Baghdad Iraq's prime minister told The Associated Press on Friday that a U.S. Senate proposal to split the country into regions according to religious or ethnic divisions would be a "catastrophe."
The Kurds in three northern Iraqi provinces are running a virtually independent country within Iraq, while nominally maintaining relations with Baghdad. They support a formal division. But both Sunni and Shiite Muslims have reacted with extreme opposition to the U.S. Senate proposal.
The majority Shiites, who would retain control of major oil revenues under a division of the country, oppose the measure because if would diminish the territorial integrity of Iraq, which they now control. Sunnis would control an area with few if any oil resources. Kurds have major oil reserves in their territory.

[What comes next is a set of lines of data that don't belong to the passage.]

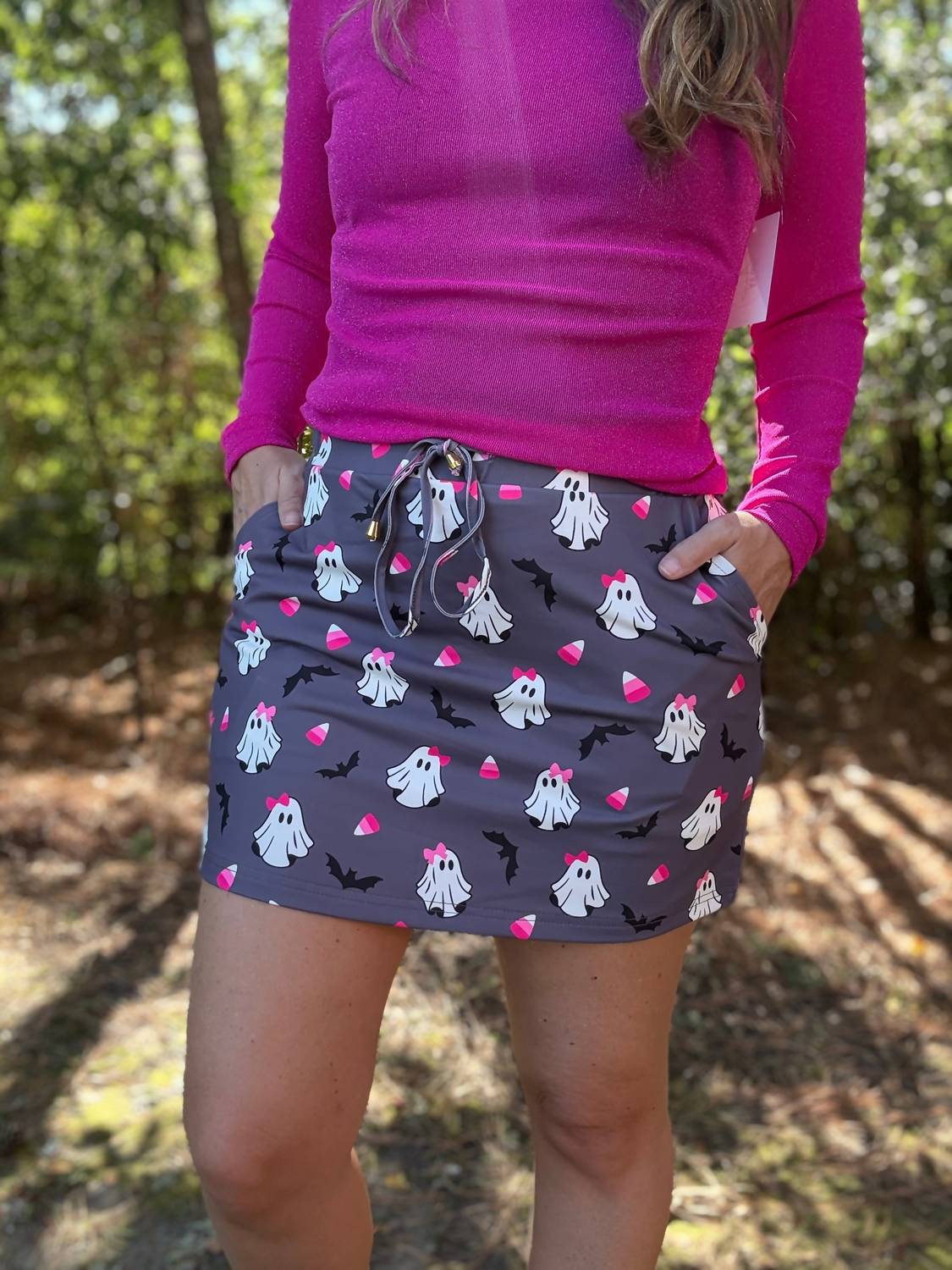 Jess Lea Pink-a-boo Gigi Skort in gray - women's shorts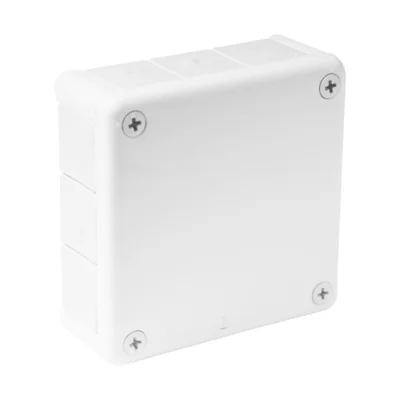 „110” Puszka natynkowa z dławnicami gumowymi 12-wlotowa 118x118x46mm IP55 dekiel na 4 wkręty biała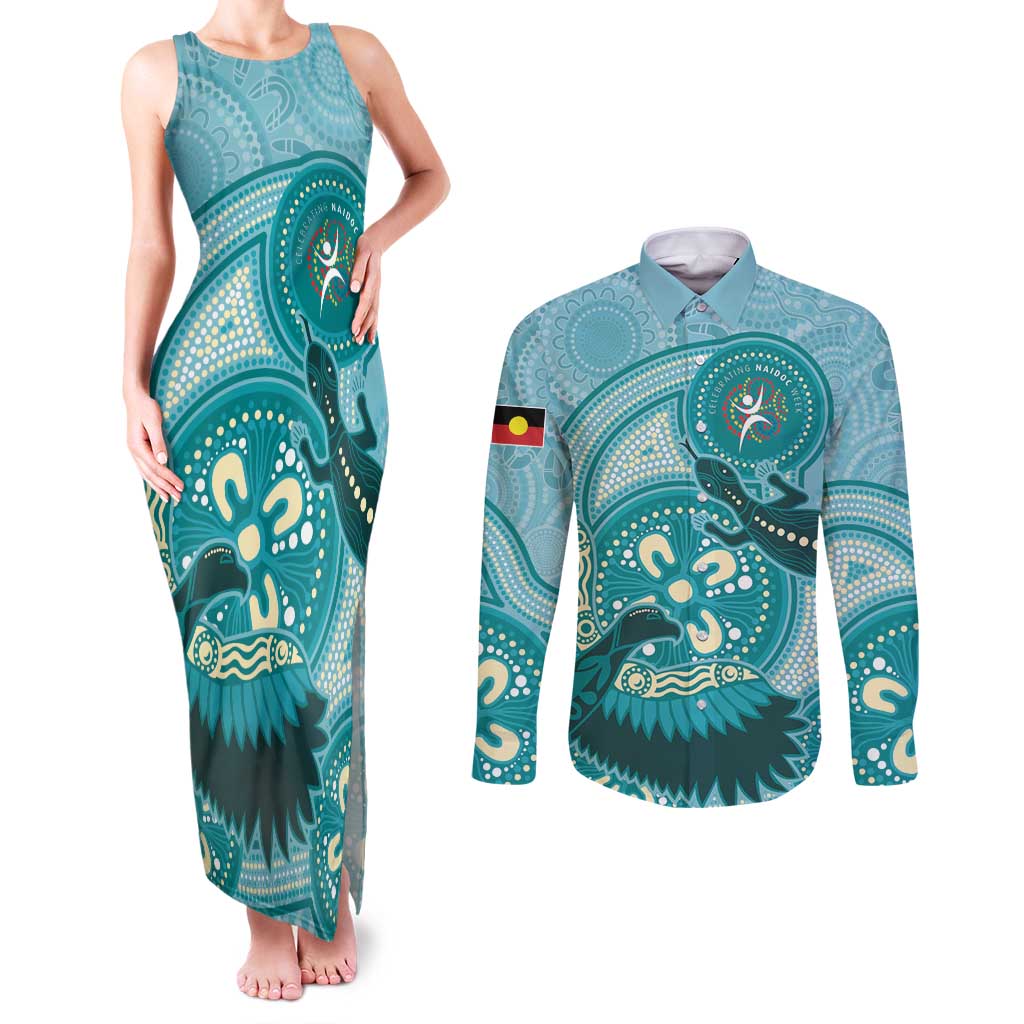 NAIDOC 2025 Strength Vision & Legacy Couples Matching Tank Maxi Dress and Long Sleeve Button Shirt Future Dreaming - Teal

The nonbinding Senate resolution calls for Iraq to be divided into federal regions under control of the three communities in a power-sharing agreement similar to the one that ended the 1990s war in Bosnia. Democrat presidential hopeful Sen. Joseph Biden was a prime sponsor of the measure.
"It is an Iraqi affair dealing with Iraqis," Prime Minister Nouri al-Maliki told AP on a return flight to Baghdad from New York where he appeared at the U.N. General Assembly. "Iraqis are eager for Iraq's unity. ... Dividing Iraq is a problem, and a decision like that would be a catastrophe."
The comments were al-Maliki's first since the measure passed the Senate on Wednesday.
Iraq's constitution lays down a federal system, allowing Shiites in the south, Kurds in the north and Sunnis in the center and west of the country to set up regions with considerable autonomous powers.
Nevertheless, ethnic and sectarian turmoil have snarled hopes of negotiating such measures, especially given deep divisions on sharing the country's vast oil resources. Oil reserves and existing fields would fall mainly into the hands of Kurds and Shiites if such a division were to occur.
So far there has been no agreement on a broader sharing of those revenues, one of the several U.S.-mandated benchmarks the government has failed to push through parliament.
On Thursday, Iraqi Vice President Adel Abdul-Mahdi, a Shiite, said decisions about Iraq must remain in the hands of its citizens. And a spokesman for radical Shiite cleric Muqtada al-Sadr demanded the al-Maliki government reject the proposal.
"We demand the Iraqi government to stand against such a project and to condemn it officially," said Liwa Semeism, the al-Sadr spokesman. "Such a decision does not represent the aspirations of all Iraqi people and it is considered an interference in Iraq's internal affairs."